Blah, blah, blah. Usual stuff. Nothing so new and different. The film never would have caught any attention at all if the lead singer had been a man, but this lead singer happens to be another woman.

If I were a 22 year old filmmaker today, I would make gay-themed movies. The reason is that you can take any old clichéd story that has been done a zillion times, and any old unoriginal dialogue, and make a movie which seems fresh to a built-in audience if you simply change the sex of one of the lovers. Then, instead of reviewers saying, "This is the same old crap," they will say, "Breaks new ground in dealing honestly with same-sex relationships." The ides of showing gay characters doing the same old stuff as straight characters seems fresh because very few mainstream movies have treated gay characters without condescension or some kind of implicit understanding they they are out there doing some kooky, almost non-human stuff 24 hours a day.

Hey, gay filmmakers.
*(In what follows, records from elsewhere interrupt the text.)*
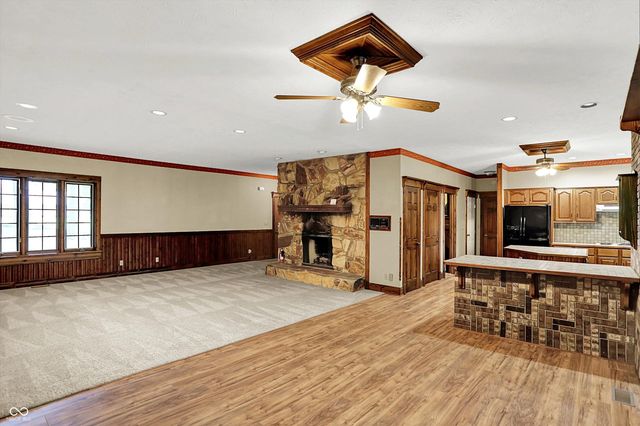 3510 E 200 N, Lafayette, IN 47905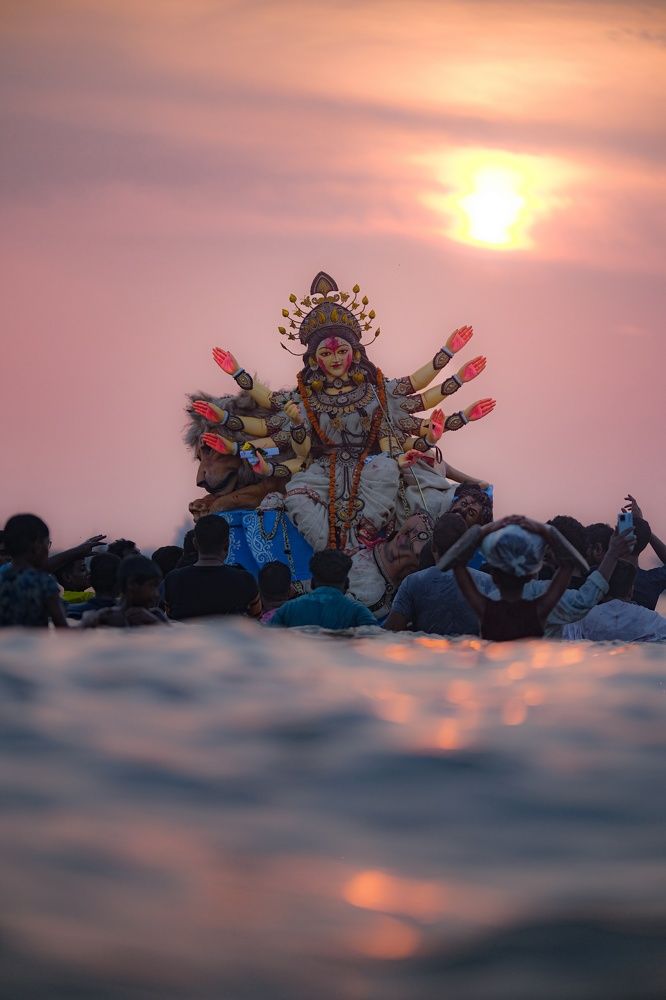 Photograph by Anindya Baidya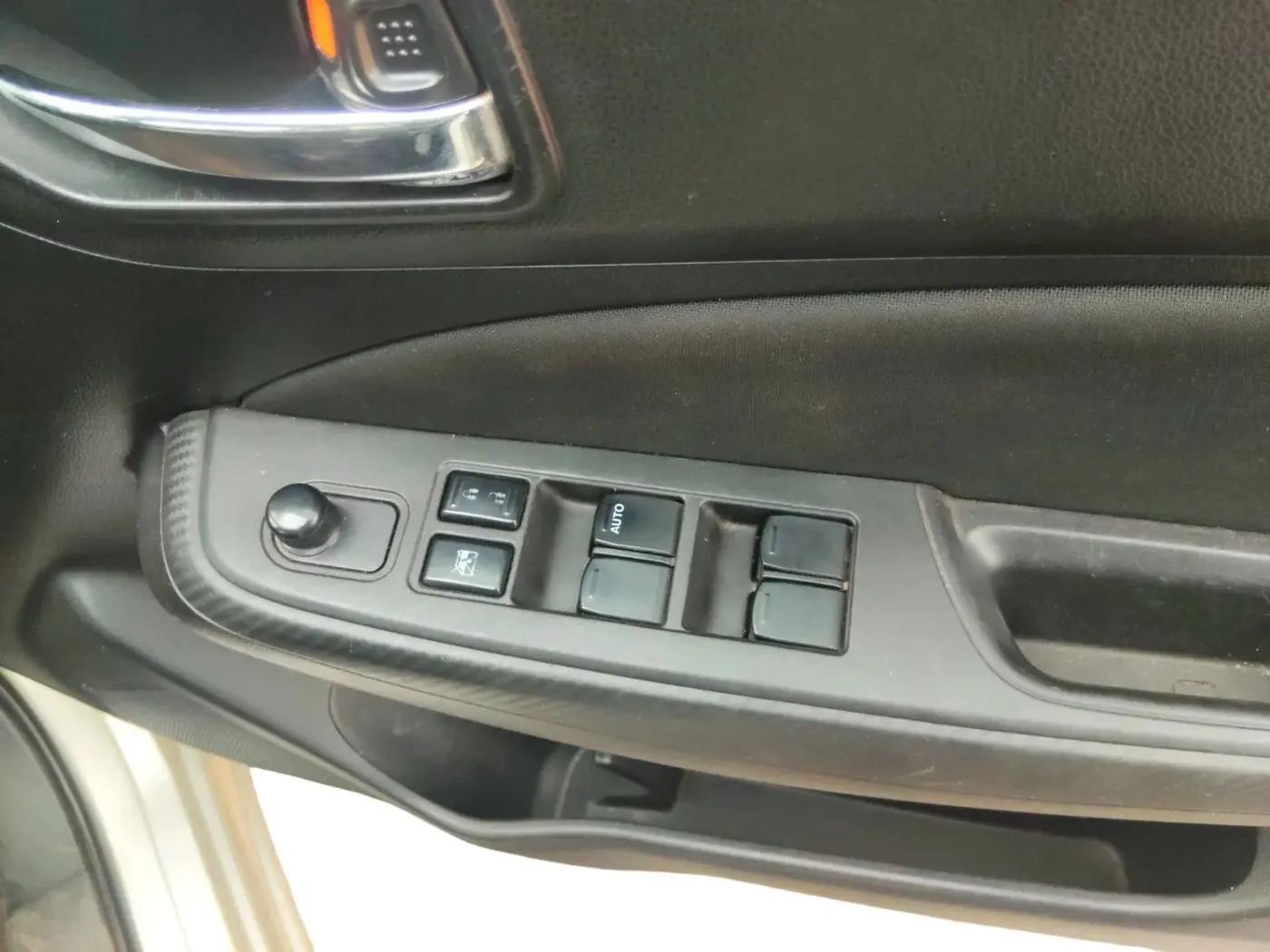2019 Maruti Swift VXI, Petrol, Manual, 56,416 km, interior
If you have to re-hash the same old crap, why not do it with some great stuff? How about Casablanca. Just make Rick a tough-talkin' butch, and put in plenty of nude scenes, and you'll get my nine bucks. I recommend Laetitia Casta as Ilke and Hilary Swank as Rick. If you do a lesbian movie with plenty of nudity, hetero guys will watch it as well. That formula worked perfectly in this film. The two stars in this film got naked and looked great in the clinches. Molly Gross was a screen newcomer, with a kind of intense, confused charm, and quite a nice body, but this was just about her entire film career. Marisa Ryan was a TV veteran. As a girl, she was one of the daughters on Major Dad. More recently, she was in that "Mary and Rhoda" reunion movie as Rhoda's daughter, if you were one of the three people who saw that. She has continued to work steadily in TV and films to this day. (Written nine years after the film was released.) She's a good enough actress, but found her a dubious casting choice as the lead singer because she can't carry a tune.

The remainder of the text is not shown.